## Task description
Give a verbatim copy of the data, leaving the pictures out.

## Stored data
=== Section Start ===

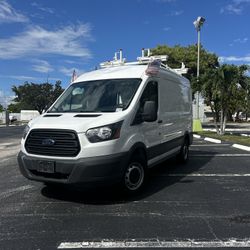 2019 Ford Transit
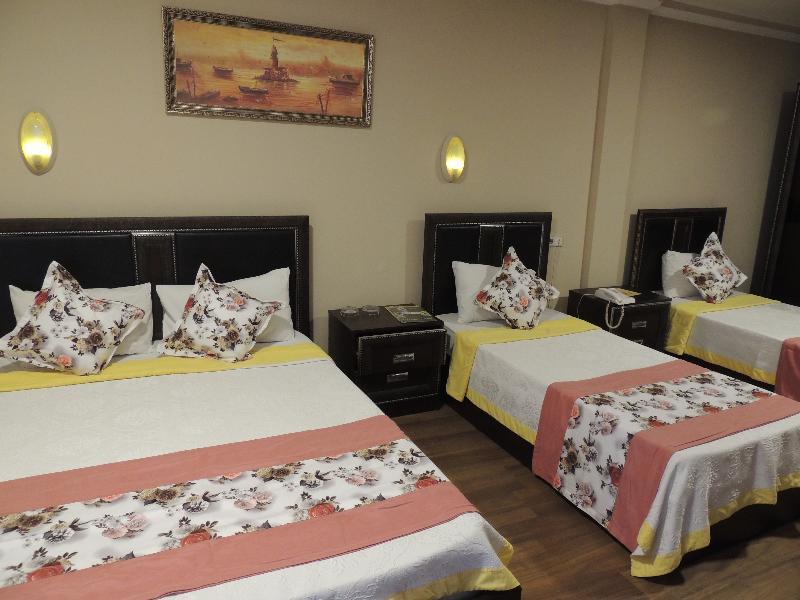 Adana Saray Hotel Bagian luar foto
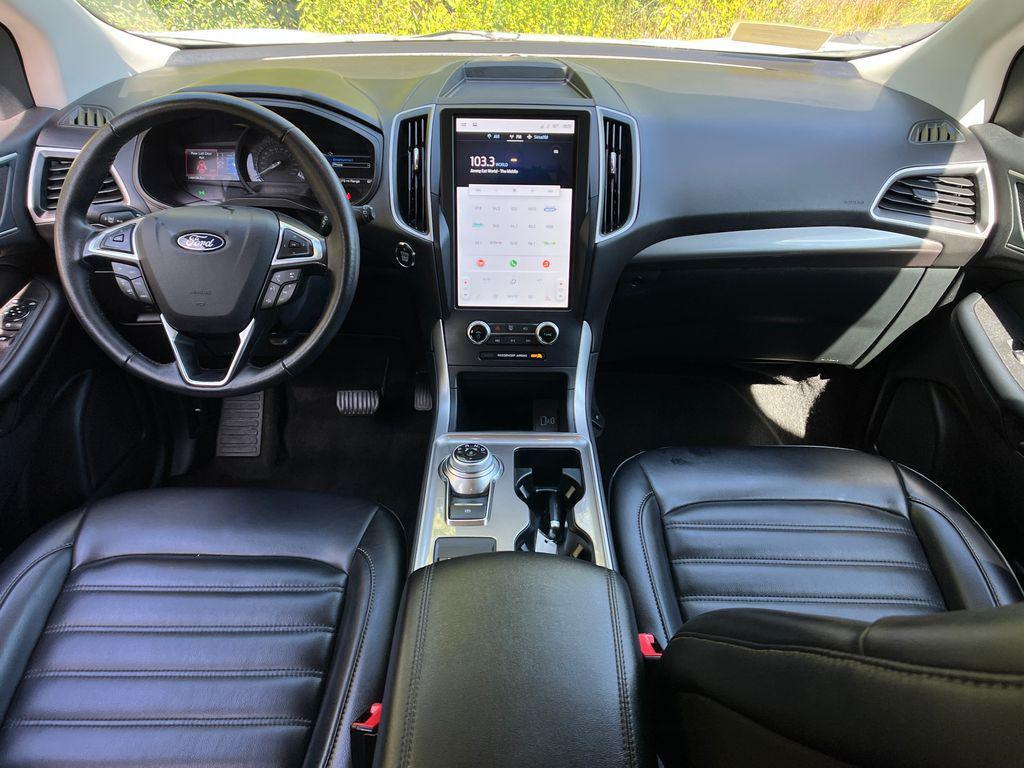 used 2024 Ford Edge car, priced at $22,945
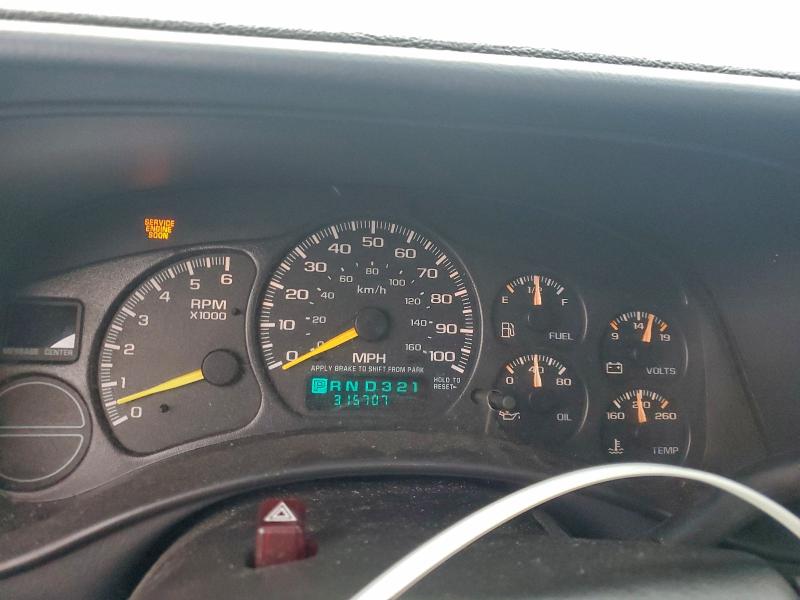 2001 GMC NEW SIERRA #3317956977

=== Section End ===

## Output of the task
 2019 Ford Transit
 Adana Saray Hotel Bagian luar foto
 used 2024 Ford Edge car, priced at $22,945
 2001 GMC NEW SIERRA #3317956977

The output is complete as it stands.